---------- The data ----------

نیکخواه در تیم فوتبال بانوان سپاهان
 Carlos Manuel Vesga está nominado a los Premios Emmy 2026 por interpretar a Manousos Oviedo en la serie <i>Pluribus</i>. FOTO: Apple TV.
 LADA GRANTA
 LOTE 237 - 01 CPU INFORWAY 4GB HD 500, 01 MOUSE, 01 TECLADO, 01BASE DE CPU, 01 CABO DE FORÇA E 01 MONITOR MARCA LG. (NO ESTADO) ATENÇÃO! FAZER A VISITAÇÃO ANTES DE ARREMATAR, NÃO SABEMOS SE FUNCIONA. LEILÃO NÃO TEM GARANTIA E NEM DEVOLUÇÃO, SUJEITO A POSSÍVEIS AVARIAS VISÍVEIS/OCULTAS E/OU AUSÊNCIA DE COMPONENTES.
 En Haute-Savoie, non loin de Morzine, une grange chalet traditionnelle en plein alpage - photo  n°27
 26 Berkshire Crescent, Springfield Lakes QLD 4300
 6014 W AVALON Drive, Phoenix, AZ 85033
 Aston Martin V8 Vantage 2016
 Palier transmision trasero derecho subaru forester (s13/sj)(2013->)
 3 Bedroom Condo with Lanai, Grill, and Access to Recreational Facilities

----------

**Prompt:** Out of the data above, give again only the lines starting at the one holding "Carlos Manuel Vesga" and ending at the one holding "En Haute-Savoie, non", unchanged.

**Exercise response:**
 Carlos Manuel Vesga está nominado a los Premios Emmy 2026 por interpretar a Manousos Oviedo en la serie <i>Pluribus</i>. FOTO: Apple TV.
 LADA GRANTA
 LOTE 237 - 01 CPU INFORWAY 4GB HD 500, 01 MOUSE, 01 TECLADO, 01BASE DE CPU, 01 CABO DE FORÇA E 01 MONITOR MARCA LG. (NO ESTADO) ATENÇÃO! FAZER A VISITAÇÃO ANTES DE ARREMATAR, NÃO SABEMOS SE FUNCIONA. LEILÃO NÃO TEM GARANTIA E NEM DEVOLUÇÃO, SUJEITO A POSSÍVEIS AVARIAS VISÍVEIS/OCULTAS E/OU AUSÊNCIA DE COMPONENTES.
 En Haute-Savoie, non loin de Morzine, une grange chalet traditionnelle en plein alpage - photo  n°27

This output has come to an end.